Published by ThoughtLeaders4 Private Client Magazine
Whilst a discussion of technical points on jurisdiction is not the reason why Jules Vernes’ Around the World in Eighty Days is considered a classic, nevertheless the issue of jurisdiction does play a key role in the story. Detective Fix supports Phileas Fogg on his return journey, keen to return him to British soil and so to the jurisdiction of the English courts, so that he can be arrested for a bank robbery carried out by a villain bearing a passing resemblance to the adventurer. Now however, certainly in matters of civil law, the attitude of the English courts to the question of jurisdiction is changing.
“In days gone by the assertion of extra-territorial jurisdiction was described as ‘exorbitant’. But following the globalisation (and digitisation) of the world economy that attitude can now be seen as out of date.”

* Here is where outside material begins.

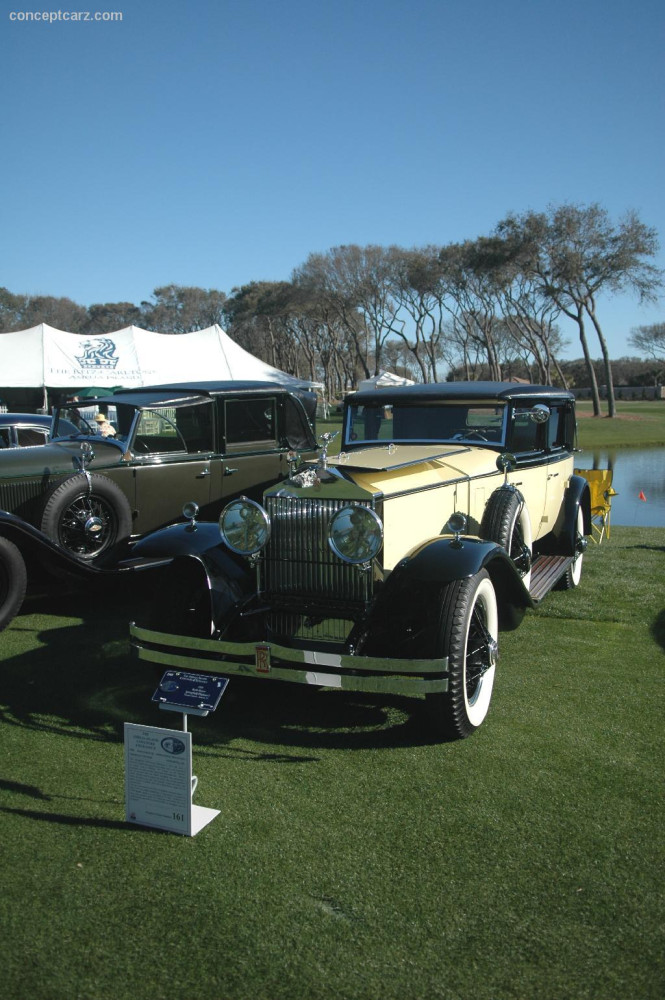 Rolls-Royce Phantom I фото 25031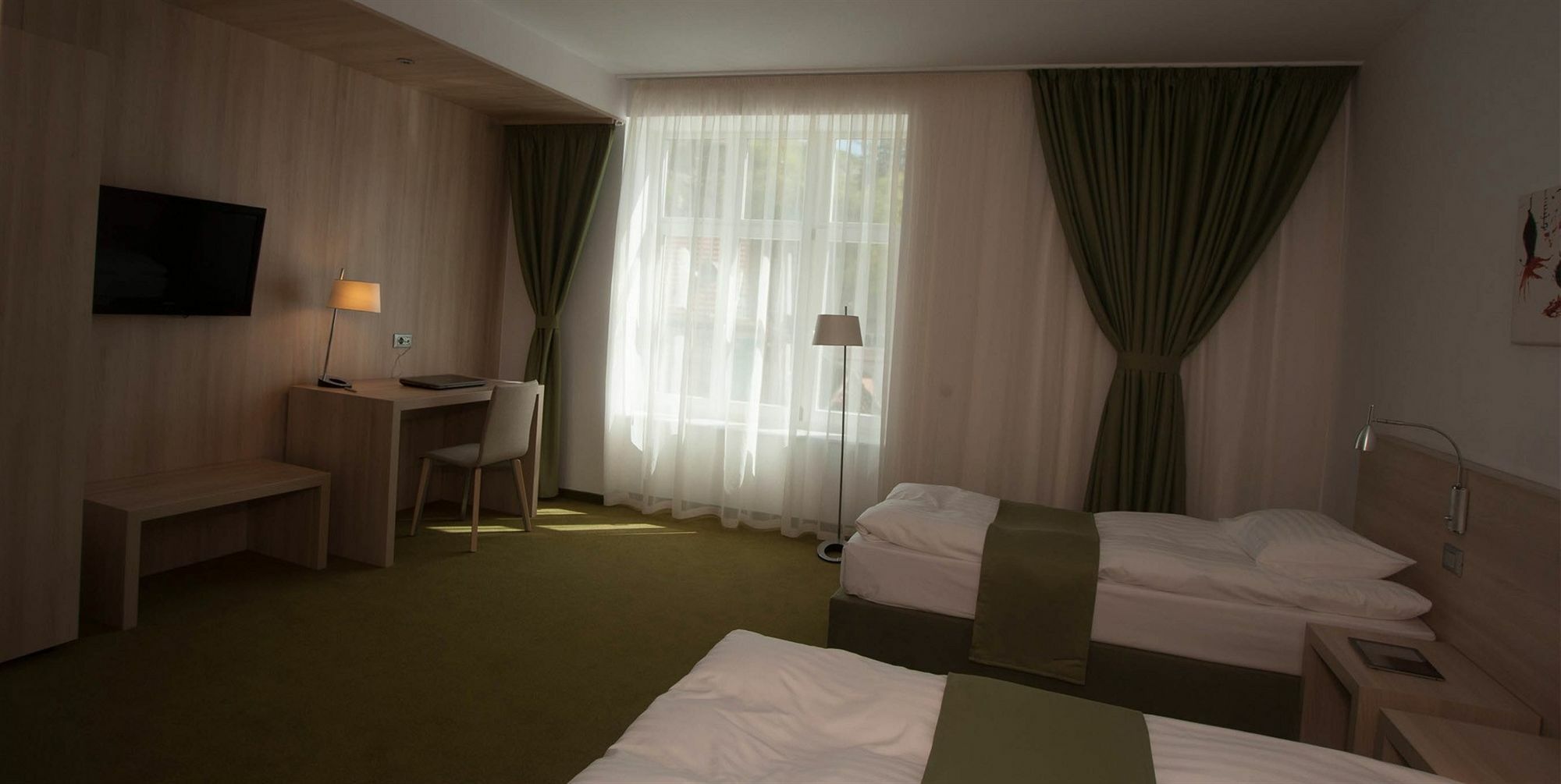 בראשוב Hotel Armatti מראה חיצוני תמונה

Thus said Lord Justice Lewison in the Court of Appeal in 2018(1) and in 2022, two significant developments have occurred which reflect this changing attitude and policy towards the jurisdiction of the English courts.
Both developments concern the rules which govern whether a claim or other application issued in England and Wales can be served on a defendant or respondent outside the jurisdiction – i.e., whether the English courts will take jurisdiction over that person. In general, service on a party outside the United Kingdom requires the permission of the court. To obtain that permission, the claimant or applicant must satisfy three criteria:
(i) that there is a good arguable case that the claim falls within one of grounds set out in Practice Direction 6B of the Civil Procedural Rules 1998 (“CPR”);
(ii) that England and Wales is the appropriate forum to hear the claim; and
(iii) that there is a serious issue to be tried.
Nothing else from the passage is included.